◆ RECORDED DATA
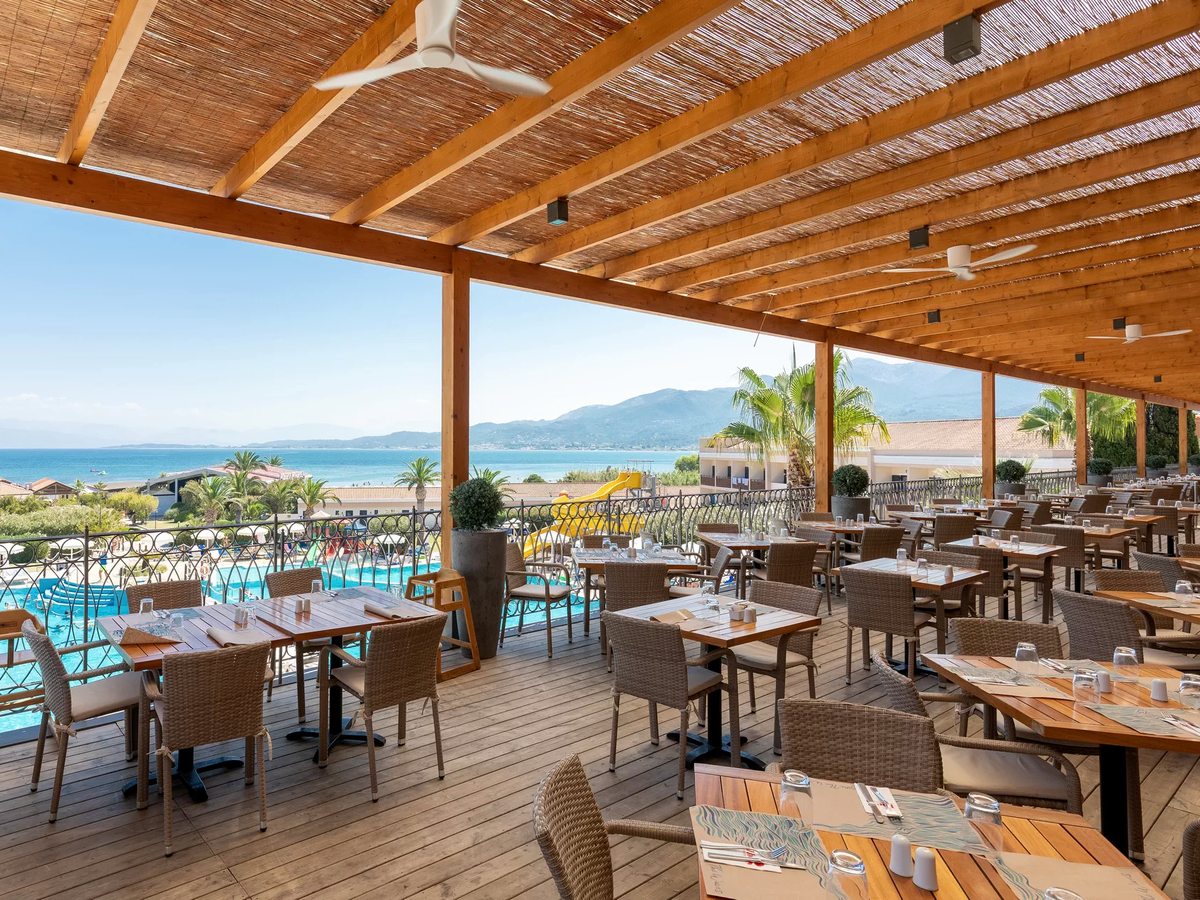 A large timber-framed terrace under reed shading, filled with laid wooden tables and wicker chairs, above a pool with yellow and blue waterslides and the sea and mountains beyond.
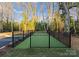 Private dog park featuring an enclosed area with artificial turf, nestled among trees and greenery at 4207 Walker Rd, Charlotte, NC 28211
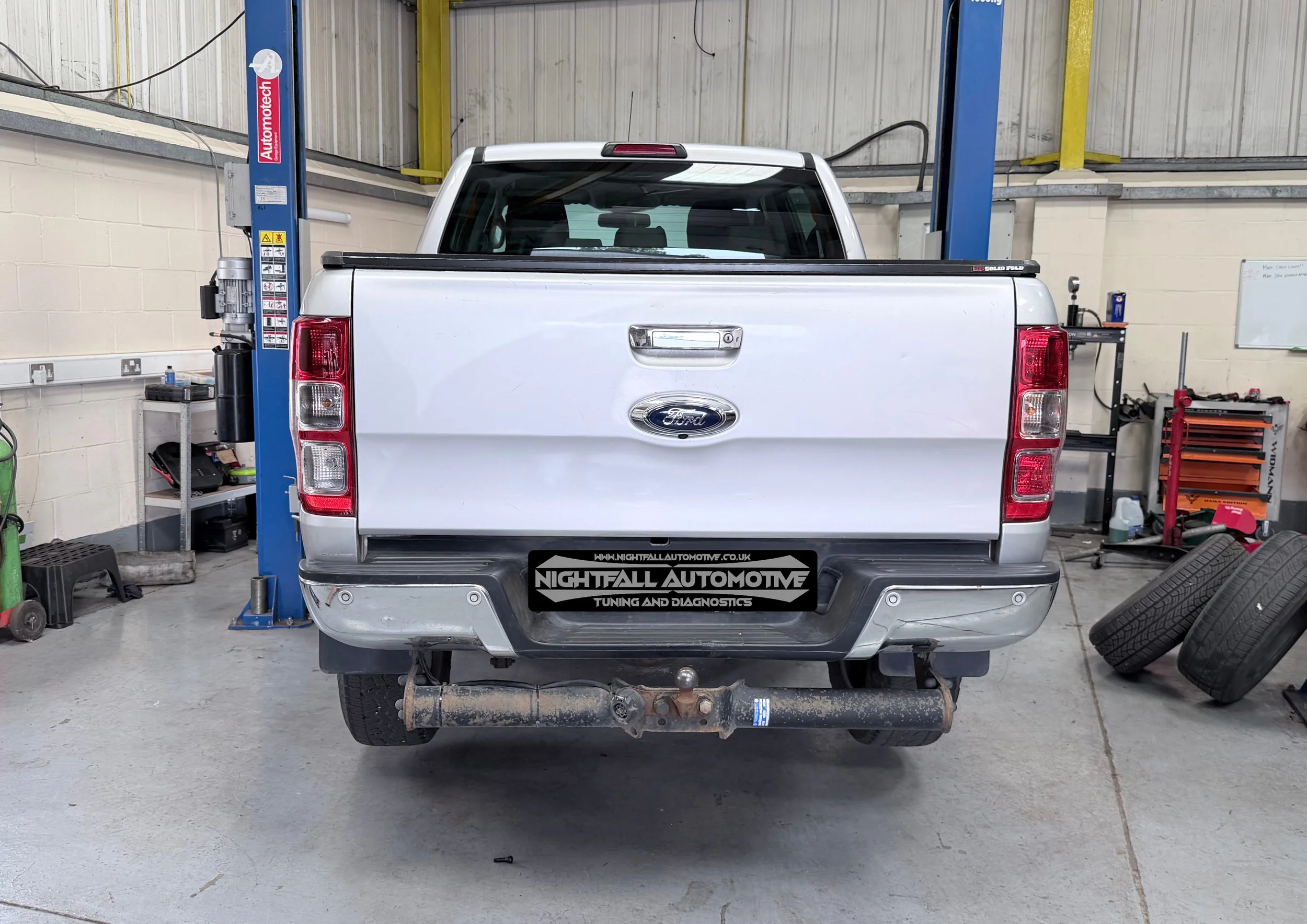 Rear view of a white Ford pickup truck on a vehicle lift inside an auto repair shop. The shop has a concrete floor, with tools and equipment visible around. Tuned by Nightfall Automotive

◆ TASK DIRECTIONS
Return the full material word for word. Do not include the pictures.

◆ THE COMPLETED TASK
 A large timber-framed terrace under reed shading, filled with laid wooden tables and wicker chairs, above a pool with yellow and blue waterslides and the sea and mountains beyond.
 Private dog park featuring an enclosed area with artificial turf, nestled among trees and greenery at 4207 Walker Rd, Charlotte, NC 28211
 Rear view of a white Ford pickup truck on a vehicle lift inside an auto repair shop. The shop has a concrete floor, with tools and equipment visible around. Tuned by Nightfall Automotive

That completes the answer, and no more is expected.